(Extracted records)

------------------------

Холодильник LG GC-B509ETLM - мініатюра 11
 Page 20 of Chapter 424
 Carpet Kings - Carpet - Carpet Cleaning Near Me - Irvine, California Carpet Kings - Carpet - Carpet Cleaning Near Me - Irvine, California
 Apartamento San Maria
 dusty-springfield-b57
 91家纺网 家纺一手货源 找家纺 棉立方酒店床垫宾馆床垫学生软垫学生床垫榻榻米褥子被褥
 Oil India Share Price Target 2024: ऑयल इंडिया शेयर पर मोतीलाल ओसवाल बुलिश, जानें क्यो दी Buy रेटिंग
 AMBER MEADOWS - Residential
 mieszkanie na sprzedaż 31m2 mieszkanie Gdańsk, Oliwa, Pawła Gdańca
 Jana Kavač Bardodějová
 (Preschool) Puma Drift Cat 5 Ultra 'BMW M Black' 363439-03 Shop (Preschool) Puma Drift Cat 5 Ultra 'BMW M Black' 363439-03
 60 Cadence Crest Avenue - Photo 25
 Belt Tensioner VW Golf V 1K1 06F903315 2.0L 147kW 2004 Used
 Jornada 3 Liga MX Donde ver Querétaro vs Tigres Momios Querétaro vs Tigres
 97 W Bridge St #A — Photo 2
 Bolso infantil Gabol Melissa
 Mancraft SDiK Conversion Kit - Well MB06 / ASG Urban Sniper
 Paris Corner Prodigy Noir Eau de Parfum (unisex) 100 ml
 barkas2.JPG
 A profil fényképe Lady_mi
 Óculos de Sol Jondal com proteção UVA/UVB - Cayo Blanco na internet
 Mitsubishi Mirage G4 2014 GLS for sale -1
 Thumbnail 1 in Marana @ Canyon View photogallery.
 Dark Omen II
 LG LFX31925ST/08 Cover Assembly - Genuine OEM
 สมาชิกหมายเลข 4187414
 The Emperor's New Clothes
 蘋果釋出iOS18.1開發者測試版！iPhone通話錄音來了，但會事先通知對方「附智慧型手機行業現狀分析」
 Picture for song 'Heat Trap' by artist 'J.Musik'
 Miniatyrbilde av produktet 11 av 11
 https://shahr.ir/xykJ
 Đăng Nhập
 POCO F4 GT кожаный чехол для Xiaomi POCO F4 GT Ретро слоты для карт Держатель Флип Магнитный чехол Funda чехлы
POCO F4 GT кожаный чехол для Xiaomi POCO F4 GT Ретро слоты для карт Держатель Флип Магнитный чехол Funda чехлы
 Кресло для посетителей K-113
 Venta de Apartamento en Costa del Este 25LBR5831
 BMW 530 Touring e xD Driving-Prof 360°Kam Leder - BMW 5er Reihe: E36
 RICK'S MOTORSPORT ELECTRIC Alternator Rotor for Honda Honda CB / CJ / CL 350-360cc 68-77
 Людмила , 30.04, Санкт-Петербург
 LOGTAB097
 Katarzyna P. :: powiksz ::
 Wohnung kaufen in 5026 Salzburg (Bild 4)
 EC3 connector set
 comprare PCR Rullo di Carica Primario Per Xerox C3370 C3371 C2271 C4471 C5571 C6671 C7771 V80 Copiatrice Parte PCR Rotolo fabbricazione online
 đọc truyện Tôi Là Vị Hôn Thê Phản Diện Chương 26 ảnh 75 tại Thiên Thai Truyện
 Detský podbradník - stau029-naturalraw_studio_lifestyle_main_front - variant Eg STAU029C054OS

------------------------

== Work task ==
Report the number of lines in the records above that contain "Xiaomi", with no other text.

== Problem solution ==
2